### Task item
From the line containing "Girls Makeup Kit" through the end of the material below, output each line exactly as written, with pictures excluded.

### Study material
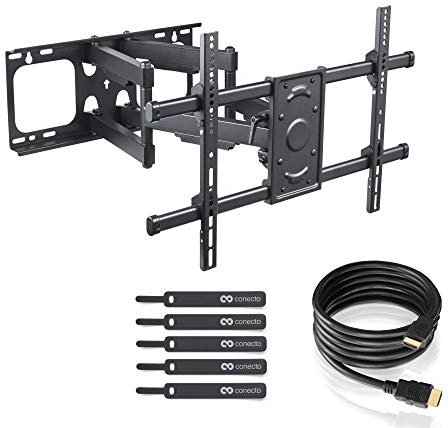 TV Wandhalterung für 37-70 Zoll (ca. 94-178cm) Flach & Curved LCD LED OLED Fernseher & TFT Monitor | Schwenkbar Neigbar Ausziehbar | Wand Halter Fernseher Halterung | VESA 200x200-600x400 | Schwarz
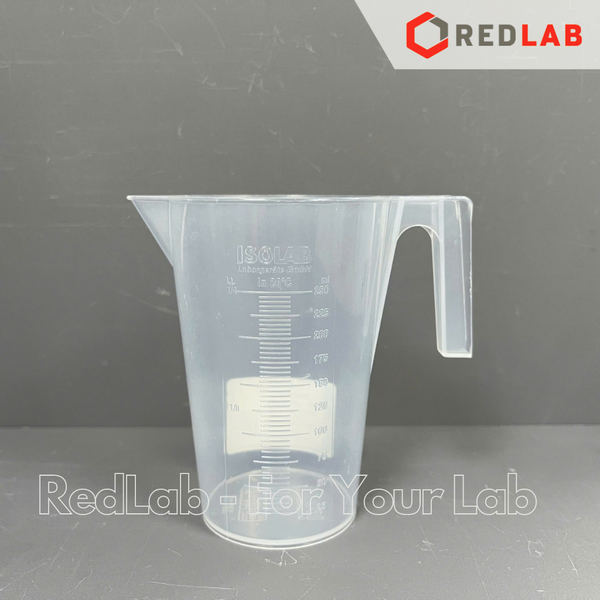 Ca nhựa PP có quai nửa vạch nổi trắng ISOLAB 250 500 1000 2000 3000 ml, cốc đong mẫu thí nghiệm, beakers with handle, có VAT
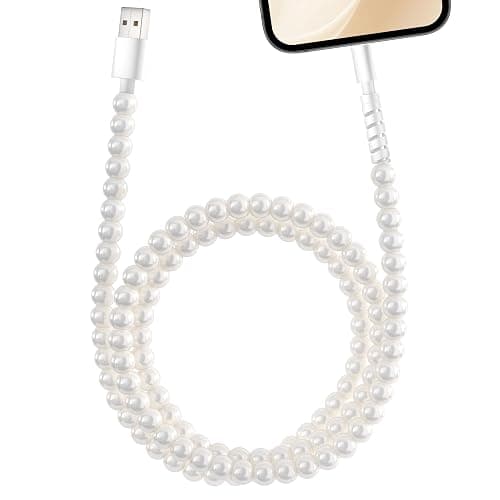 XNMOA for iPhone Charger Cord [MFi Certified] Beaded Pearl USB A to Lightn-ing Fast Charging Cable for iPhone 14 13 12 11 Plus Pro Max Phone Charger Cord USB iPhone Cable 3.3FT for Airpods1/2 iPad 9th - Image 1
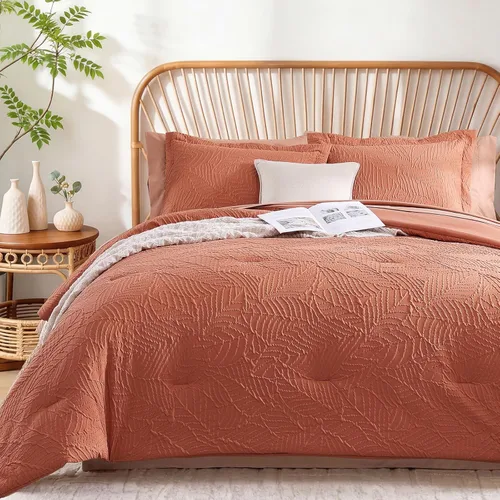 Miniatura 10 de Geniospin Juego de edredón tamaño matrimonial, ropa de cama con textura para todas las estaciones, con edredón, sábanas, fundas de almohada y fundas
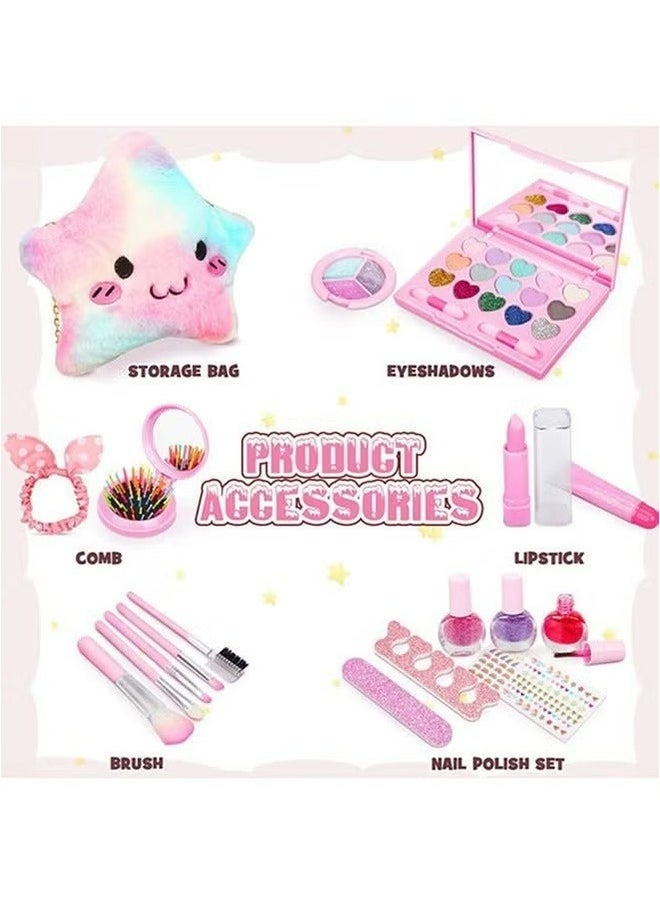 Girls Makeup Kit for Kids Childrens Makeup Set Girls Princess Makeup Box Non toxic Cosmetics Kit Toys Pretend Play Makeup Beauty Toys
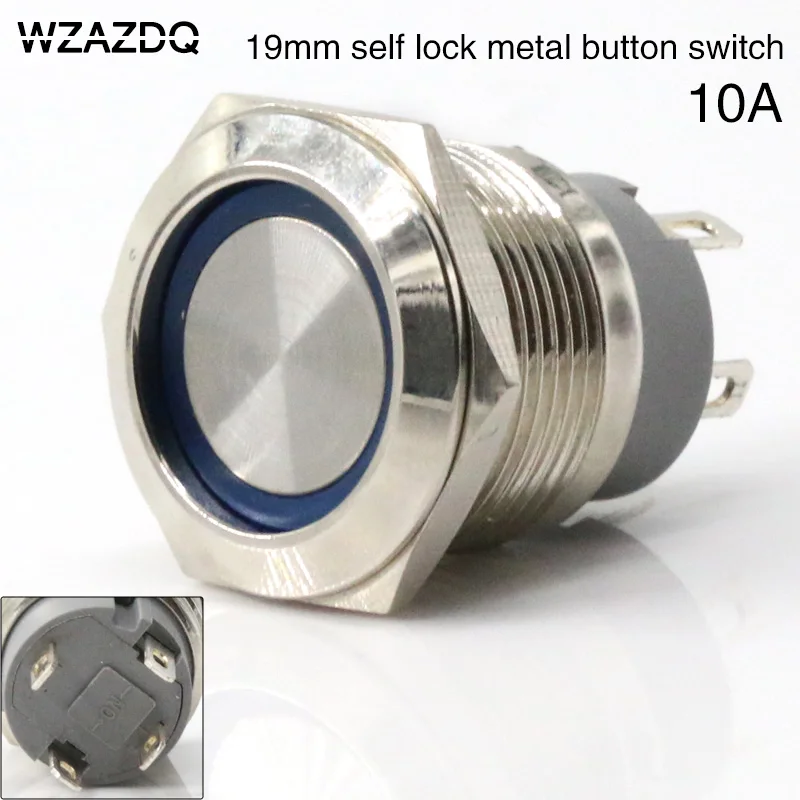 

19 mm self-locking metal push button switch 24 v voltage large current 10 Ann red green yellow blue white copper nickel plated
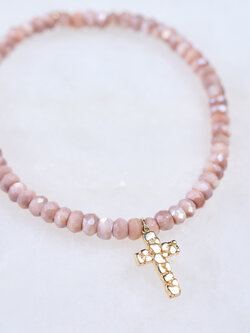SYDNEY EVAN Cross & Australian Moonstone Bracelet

### Response box
 Girls Makeup Kit for Kids Childrens Makeup Set Girls Princess Makeup Box Non toxic Cosmetics Kit Toys Pretend Play Makeup Beauty Toys

19 mm self-locking metal push button switch 24 v voltage large current 10 Ann red green yellow blue white copper nickel plated
SYDNEY EVAN Cross & Australian Moonstone Bracelet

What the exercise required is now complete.